Problem statement
A faithful copy of every entry is the goal; keep the images out of it.

[Brief descriptive captions]
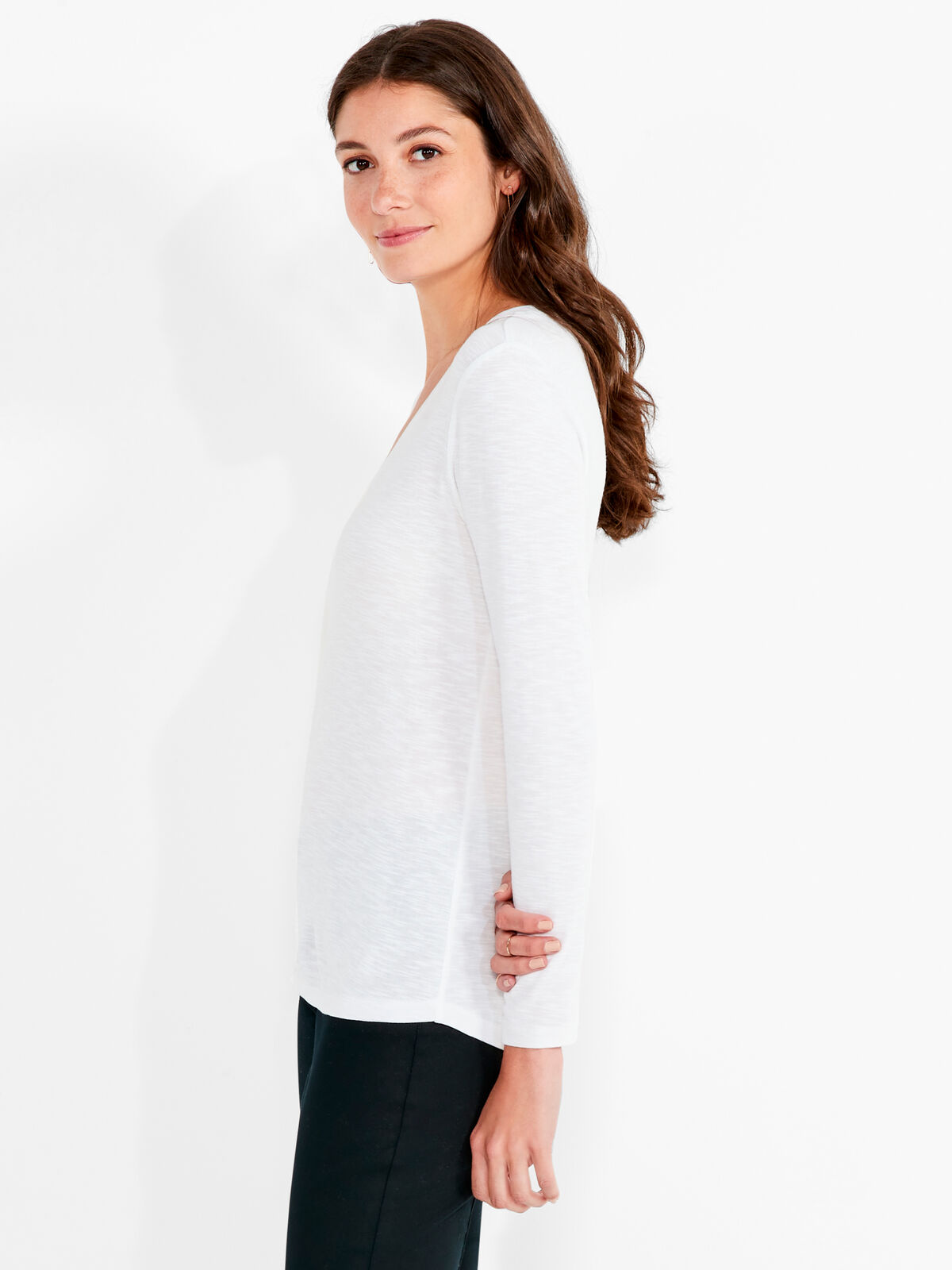 NZT Long Sleeve V Tee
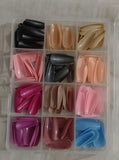 144 PCs Nails Box Artificial Nails Pack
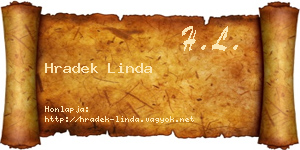 Hradek Linda névjegykártya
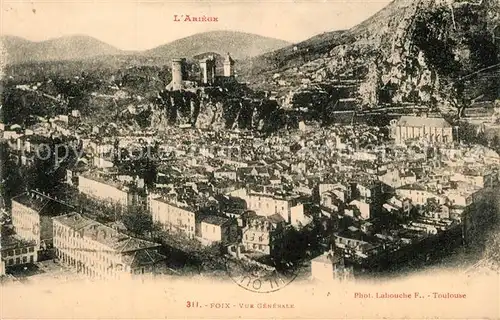 AK / Ansichtskarte Foix Vue generale Foix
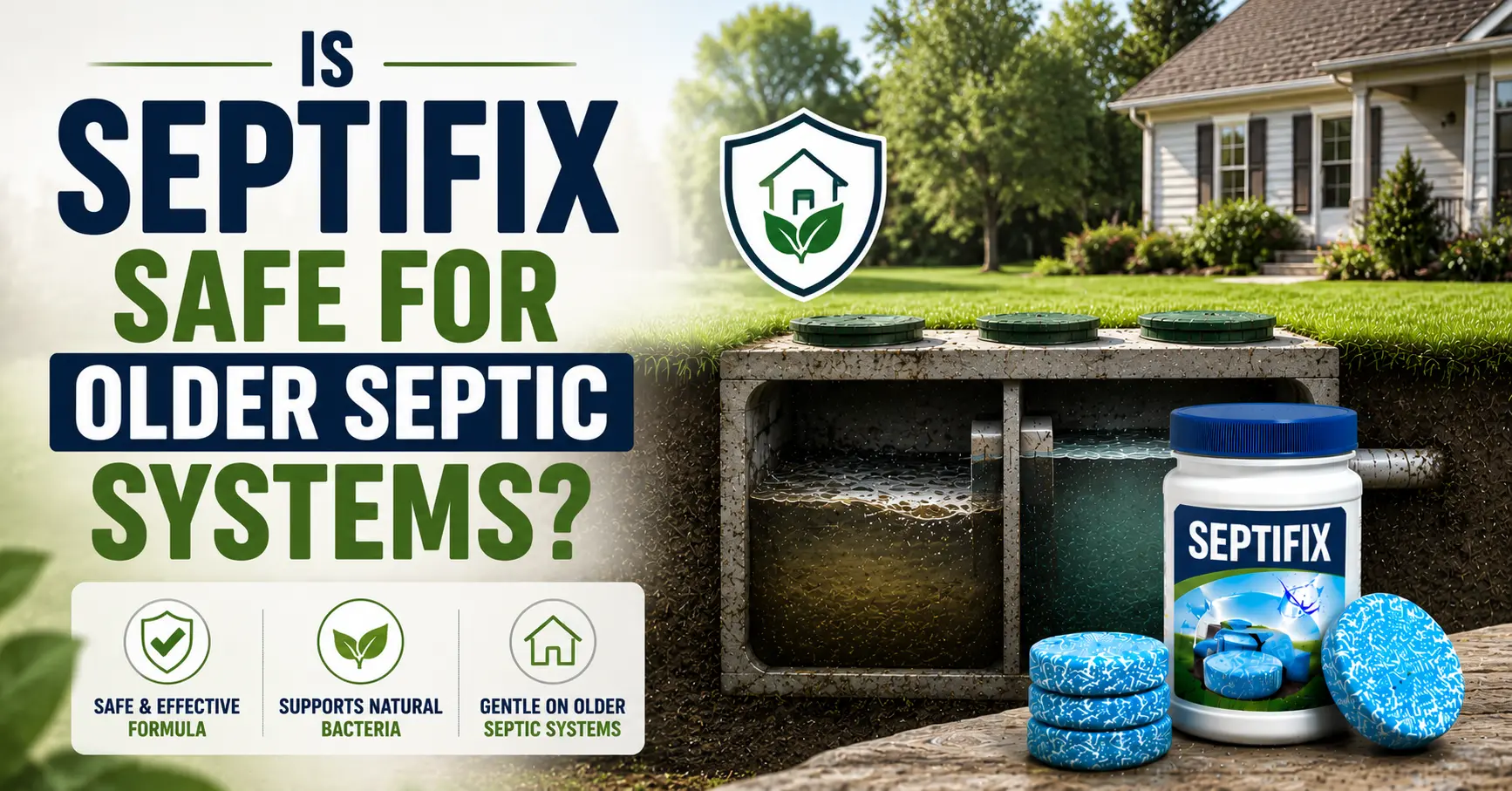 Is Septifix Safe For Older Septic Systems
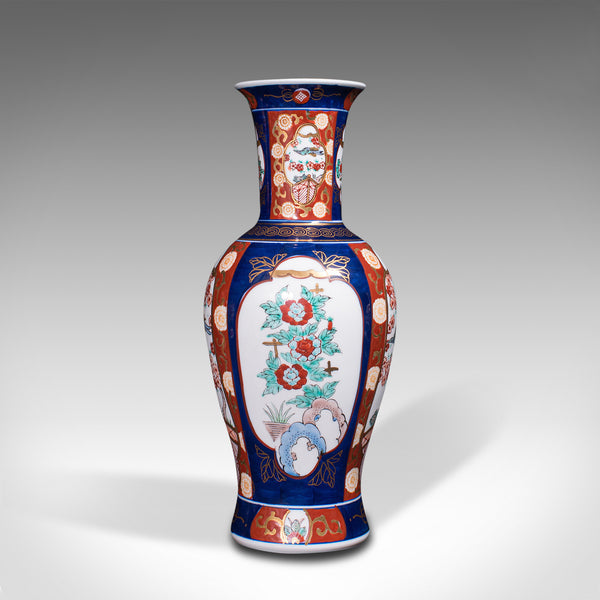 Pair Of Vintage Flower Vases, Chinese, Display Urn, Imari Revival, Late 20th.C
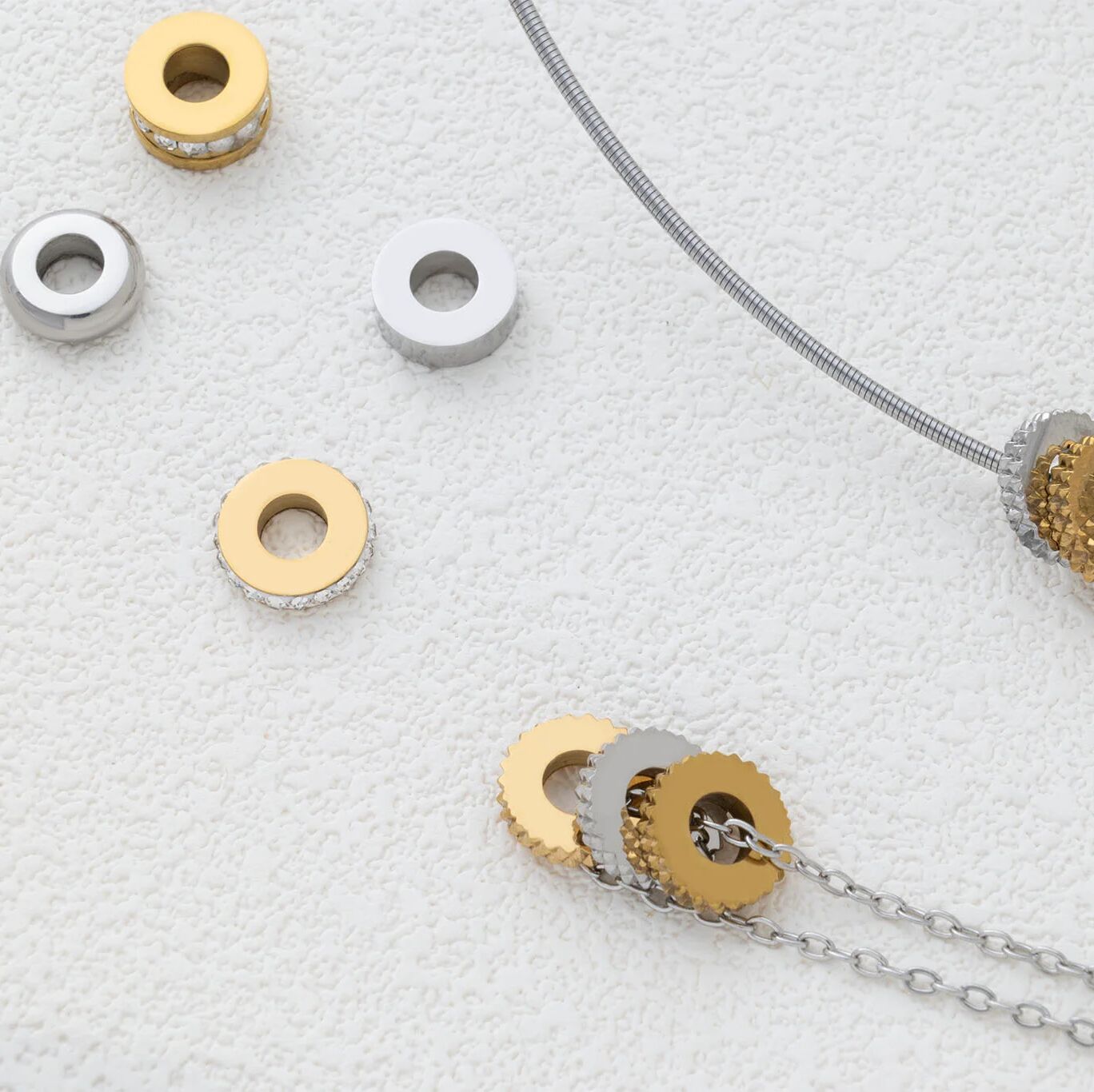Gold and Silver Spacer Beads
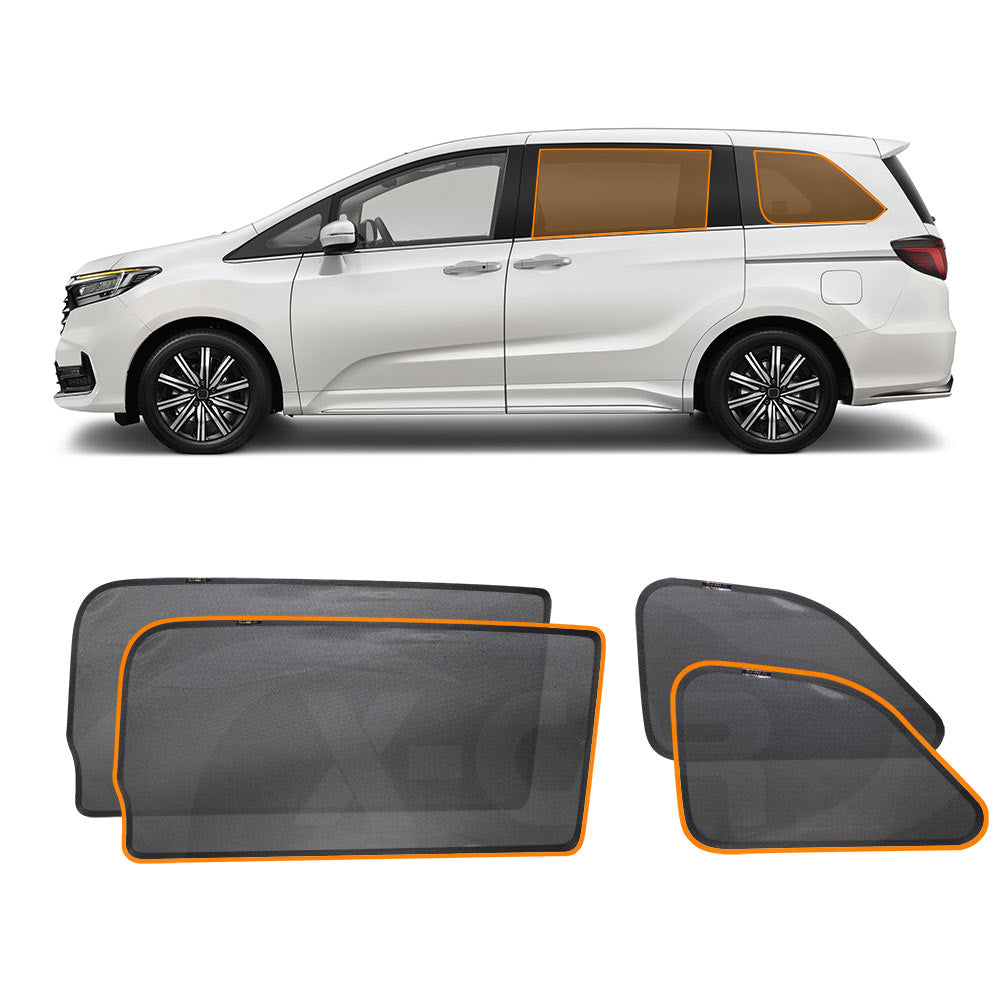 Port Rear Window Sun Shade for Honda Odyssey 2021-2024 Car Sun Blind Mesh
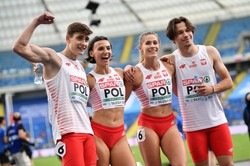Igrzyska Europejskie. Srebro polskiej sztafety mieszanej 4x400 m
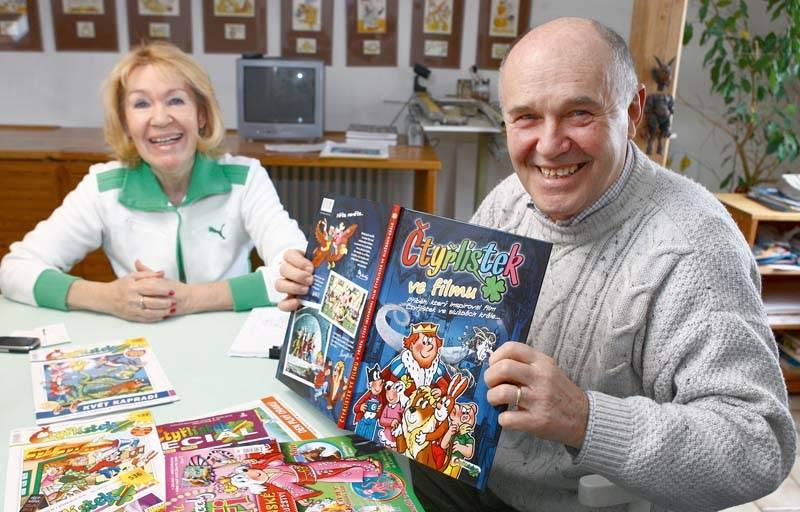 Po roce 1989 se Němečkovi osamostatnili a Čtyřlístek vydávají sami. K základnímu komiksu přidávají i knížky nebo různá speciální čísla.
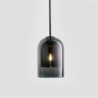 15cm enkelt design vedhæng lys glascylinder galvaniseret malet finish nordisk stil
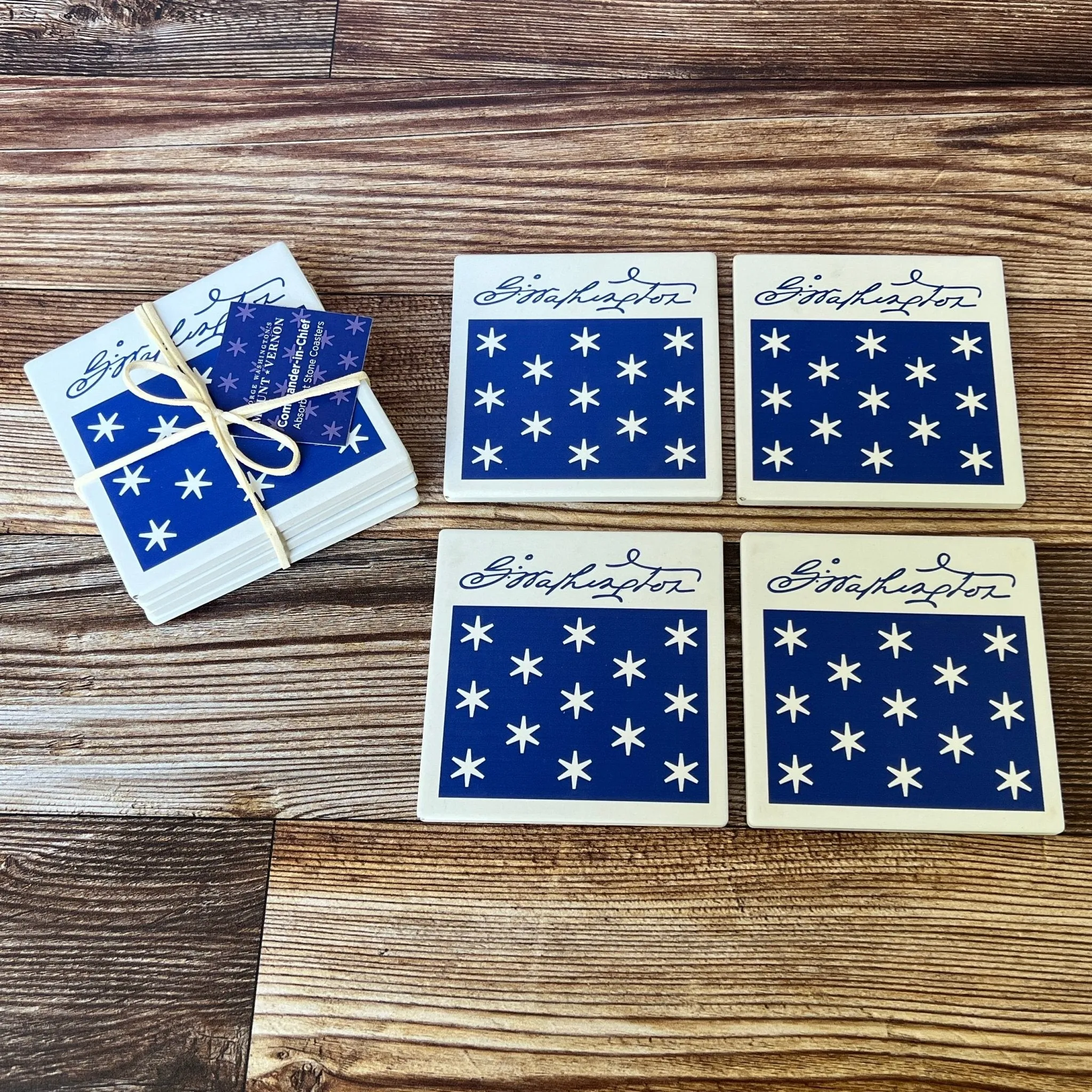 Stone Coaster Set of Four - Commander In Chief Design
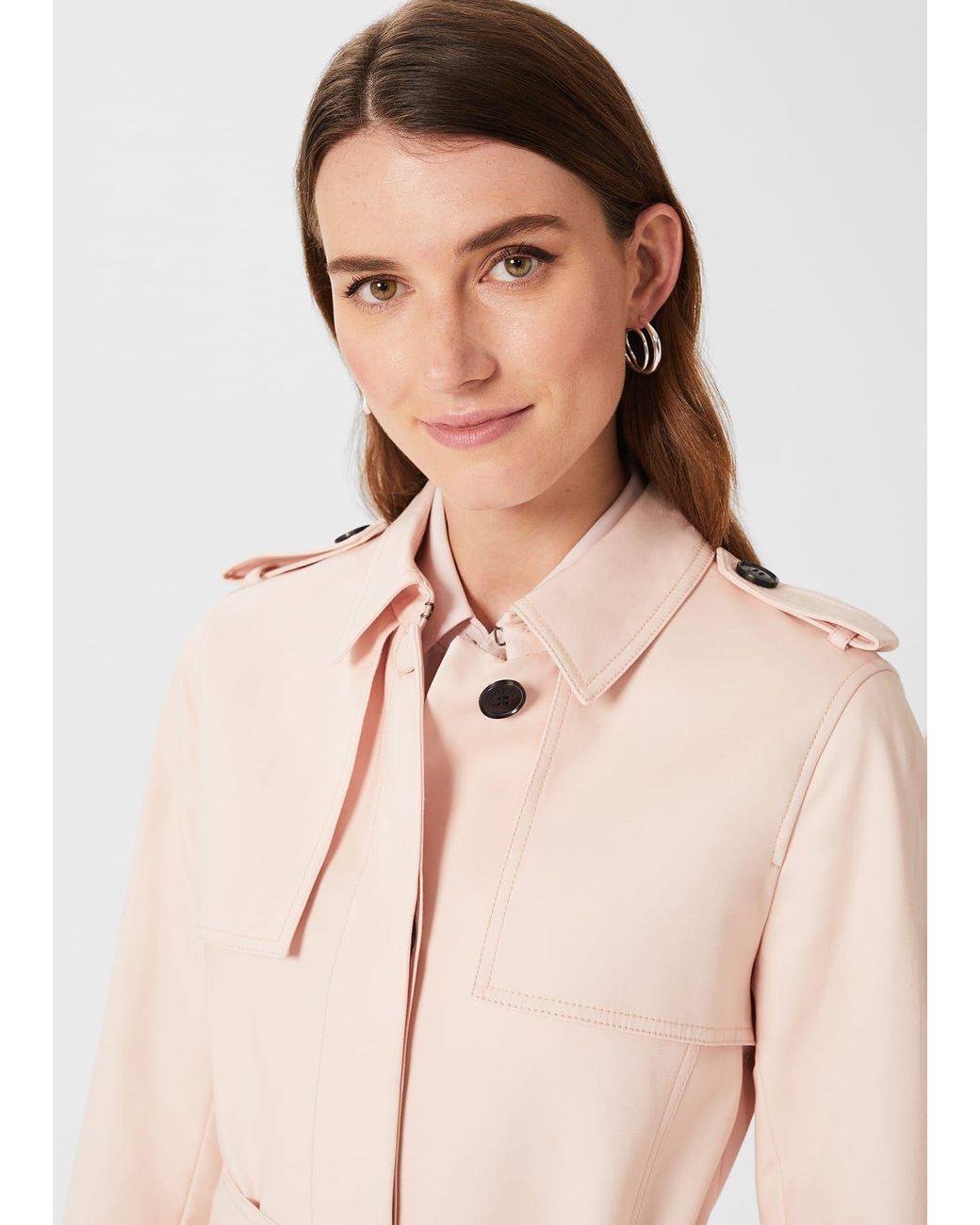 Pink mac coat sale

The answer
 NZT Long Sleeve V Tee
 144 PCs Nails Box Artificial Nails Pack
 Hradek Linda névjegykártya
 AK / Ansichtskarte Foix Vue generale Foix
 Is Septifix Safe For Older Septic Systems
 Pair Of Vintage Flower Vases, Chinese, Display Urn, Imari Revival, Late 20th.C
Gold and Silver Spacer Beads
 Port Rear Window Sun Shade for Honda Odyssey 2021-2024 Car Sun Blind Mesh
Igrzyska Europejskie. Srebro polskiej sztafety mieszanej 4x400 m
 Po roce 1989 se Němečkovi osamostatnili a Čtyřlístek vydávají sami. K základnímu komiksu přidávají i knížky nebo různá speciální čísla.
 15cm enkelt design vedhæng lys glascylinder galvaniseret malet finish nordisk stil
 Stone Coaster Set of Four - Commander In Chief Design
 Pink mac coat sale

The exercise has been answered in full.